Six professors at Northwestern University are demanding that the proposed $800 million rebuild of Ryan Field be put on hold, following revelations of locker room hazing of football players, and the subsequent firing of head coach Pat Fitzgerald.

The teachers are calling for a series of reforms, including more transparency about the hazing, emotional support for the victims, and greater outside oversight of the Athletic Department.

Plus, in their letter to NU President Michael Schill, Athletics Director Derrick Gragg, and Board of Trustees chair Peter Barris, the professors say that “the university should halt … [ the stadium] planning and marketing process until this crisis is satisfactorily resolved.”

One of those signing the letter, Prof. Beth Hurd, told Evanston Now “things need to be paused and put on hold while they clean up this mess.”

“Once they establish some trust,” Hurd continued, “then they can talk about the stadium or whatever they want to talk about.”

The professors are not necessarily opposed to a new stadium, saying in their letter that “we share an interest in ensuring the future success of NU athletics, and in stellar facilities where our students can compete at the highest level.”

However, because of yet another scandal (the same professors complained about sexual harassment of female cheerleaders a couple of years ago), “we need to get the existing house in order before expanding it.”

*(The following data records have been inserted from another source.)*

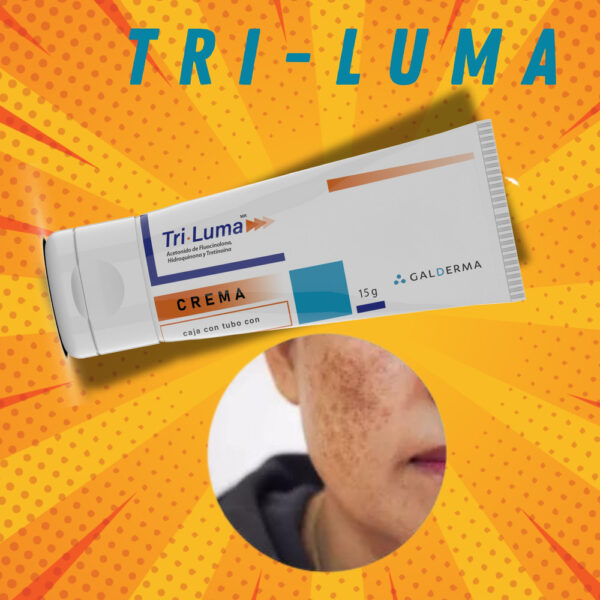 Triluma Crema 15g Fluocinolona, Tretinoína Galderma Generica Neutra Día/noche - Image 3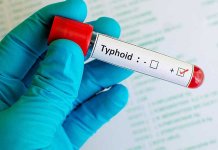 Typhoid Vaccination in Sindh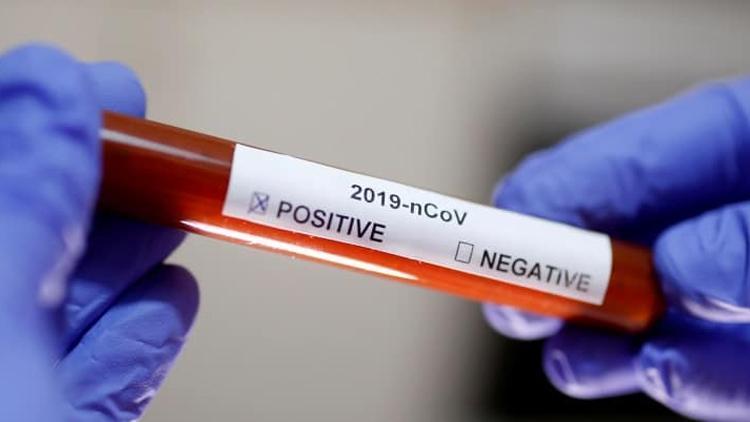 Yeni Zelandada ilk koronavirüs vakası tespit edildi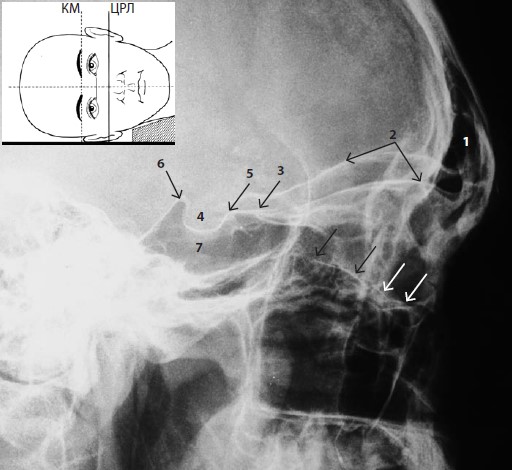 Рентгенограмма черепа в боковой проекции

In addition to writing the letter, the six professors are creating a petition for other faculty members to sign, endorsing the same steps that the letter demands.

The transparency demand includes releasing as much of the hazing investigation as possible, within the law and respecting concerns of the victims.

So far, NU has only released an executive summary.

But the teachers say the community needs to find out who knew what when, “in part so we can ensure it never happens again.”

The letter also demands that the administration “provide all necessary support to the students who experienced hazing and trauma,” including a promise of no retaliation by the university.

The profs are also calling on administrators to “encourage the perpetrators and enablers of the abuse to acknowledge what they saw and did, and to apologize.”

Hurd also told Evanston Now that “we want a change in the culture, not just one coach being fired.”

The political science and religious studies professor said that she and her colleagues have athletes in their classes.

“We don’t want them to be hazed and harassed. It’s that simple.”

Professors who signed the letter are:

Caitlin Fitz, Kate Masur, Susan Pearson and Amy Stanley, all of the History Department, as well as Beth Hurd, Political Science, and Jessica Winegar, Anthropology.

Jeff Hirsh joined the Evanston Now reporting team in 2020 after a 40-year award-winning career as a broadcast journalist in Cincinnati, Ohio.

Join the Conversation


  1. The stadium construction seems tangentially related at best, unless they were calling for suspending the entire football program, in which case the primary purpose of the stadium would go away.

    I am happy to see some faculty taking an interest in protecting students. I also suspect that this is a problem that is much bigger than just the head coach; he was just the fall guy. I doubt the faculty raising this issue would be satisfied if they kept playing football in the current stadium in exchange for meeting none of their demands. So it does not make sense to tie the issue of reform to construction of a building.

    1. Barry Miller said it best: “One wonders whether Northwestern’s plan to rebuild Ryan Field was a factor in how this was handled. A major controversy about the football program is ill-timed while rebuilding plans are before the city. Hundreds of millions of dollars are at stake.

      The sequence of events makes it appear that Northwestern was more concerned about public relations, avoiding controversy and protecting its athletic programs than its fundamental obligations to the truth and protecting the welfare of its students. While top university administrators must always balance many factors in their decisions, they seem to have assigned insufficient weight to their most basic values.”

  2. The stadium construction isn’t related at all to the problems with the football program or the cheerleaders. How do bricks and mortar relate to hazing, a lack of coaching oversight, sexual harassment, etc? The baseball program appears to be in even more turmoil than the football program – so according to the professors’ logic, I guess part of the solution is to do something to Rocky Miler Park? If the professors aren’t fans of the stadium project, then make pertinent points about noise, traffic, etc. Their letter makes no sense.

  3. As a former Chicago mayor once famously said regarding moving forward his political agenda, “never let a good crisis go to waste”.